Demo, no review

Salvatore Rinaldo
Beyond Value
Published in
2 min readJul 2, 2022

In a recent blog post, Waterfall with sprints, we discuss a common anti-pattern of agile adoption, resulting in teams practicing agile techniques and routines without essentially change the way they approach product development to truly reflect the agile principles and mindset.

How do you know if you are practicing Waterfall with sprints?

In this blog post, we talk about a common agile anti-pattern involving demos, which we have experienced in numerous occasions. We’ll use Scrum terminology but what we cover applies to Kanban just the same.

In Scrum, Sprint Review is one of the core events that helps a team inspect and adapt. In particular, in a sprint review we inspect the product increment created by the team (or their attempt to create one) and adapt the product backlog based on the feedback shared by all the stakeholders.

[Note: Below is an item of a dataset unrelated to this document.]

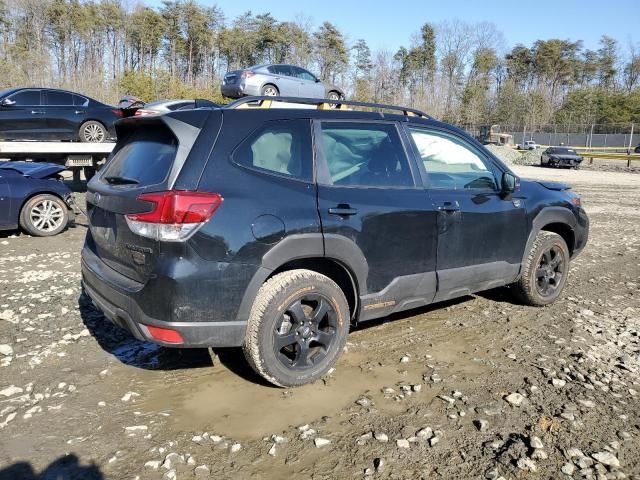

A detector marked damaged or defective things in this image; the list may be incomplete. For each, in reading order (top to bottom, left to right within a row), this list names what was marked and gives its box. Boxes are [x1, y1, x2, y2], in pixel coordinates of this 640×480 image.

damaged vehicle [0, 161, 76, 236]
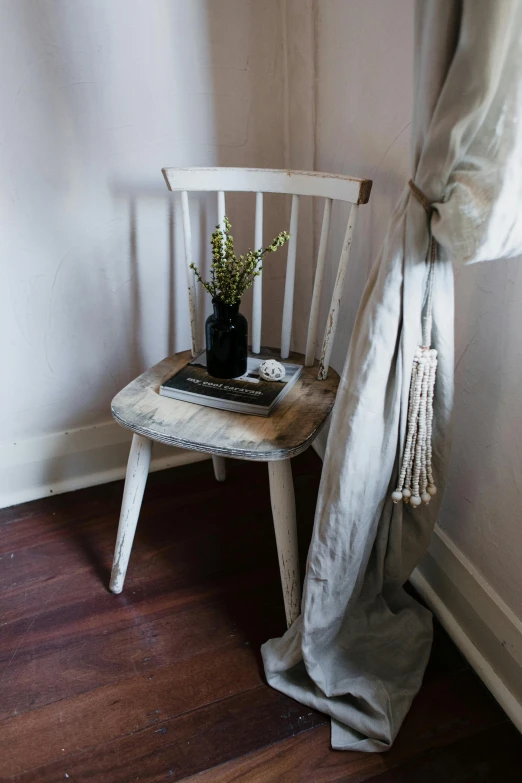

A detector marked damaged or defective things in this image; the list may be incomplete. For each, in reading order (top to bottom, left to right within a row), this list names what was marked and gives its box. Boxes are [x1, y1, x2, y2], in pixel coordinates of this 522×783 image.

chipped white paint on chair [109, 165, 370, 624]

This implies that demonstrating the latest product increment is an essential part of a sprint review, but not the only thing that takes place. In particular, we need to leave space for feedback to be shared and captured. Moreover, if the team’s velocity (or equivalent) is known, this meeting will be an opportunity for the Product Owner to make a forecast of when the team will be able to deliver — or deliver the next milestone — and share it with the stakeholders that are present.

Feedback cycle

Without running the risk of over-simplifying Scrum, we could say that the feedback cycle is all there, in our ability to produce a product increment, get feedback from stakeholders/customers and iterate again.

Increments enable iterations.

Waterfall with sprints

Now, let’s imagine a team who has fallen into the “Waterfall with sprints” trap. What will their sprint demo look like?

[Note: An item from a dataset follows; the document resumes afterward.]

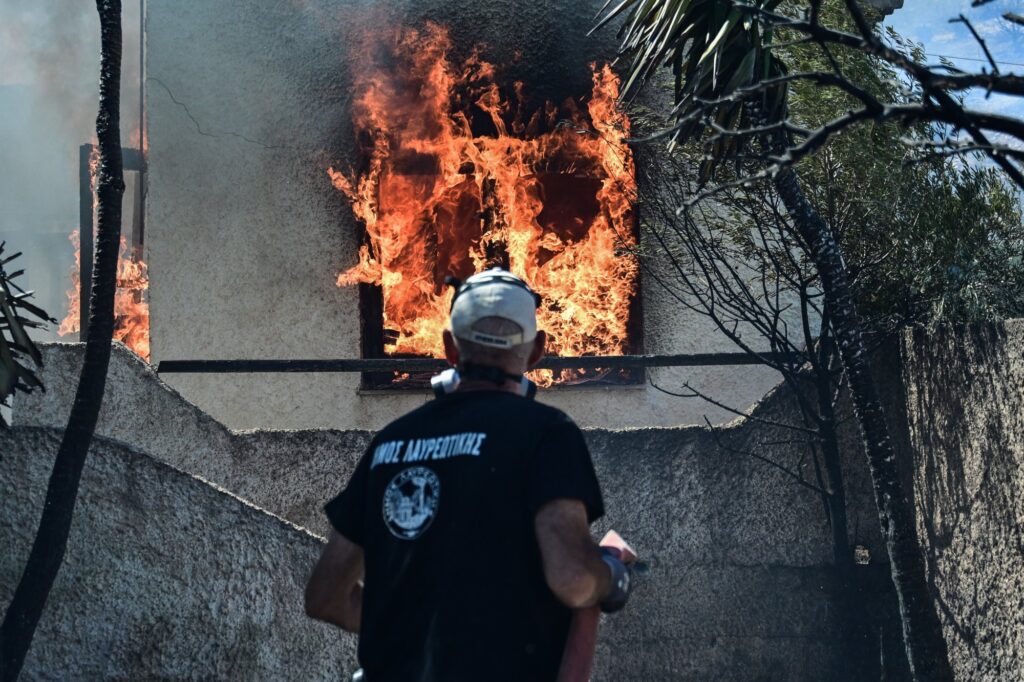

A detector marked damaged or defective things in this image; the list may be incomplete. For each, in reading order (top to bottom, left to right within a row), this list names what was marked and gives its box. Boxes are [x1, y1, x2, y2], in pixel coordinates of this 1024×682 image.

If we end up working with a fixed scope, fixed time mindset, then sprint reviews reduce themselves to just being sprint demos, i.e. a mere opportunity for Product Owners and teams to show stakeholders how much progress towards the finish line has been made to date. Stakeholders will be happy if we tell them that there isn’t much left to do, and less happy if we tell them that we’re still far from the finish line.

Customer feedback is no longer taken into account, does not affect future outcomes, and changes of direction are not welcome because they affect the project schedule. We are no longer measuring value.

Going to your team’s demo is a great way to detect whether you have fallen into the “Waterfall with sprints” trap.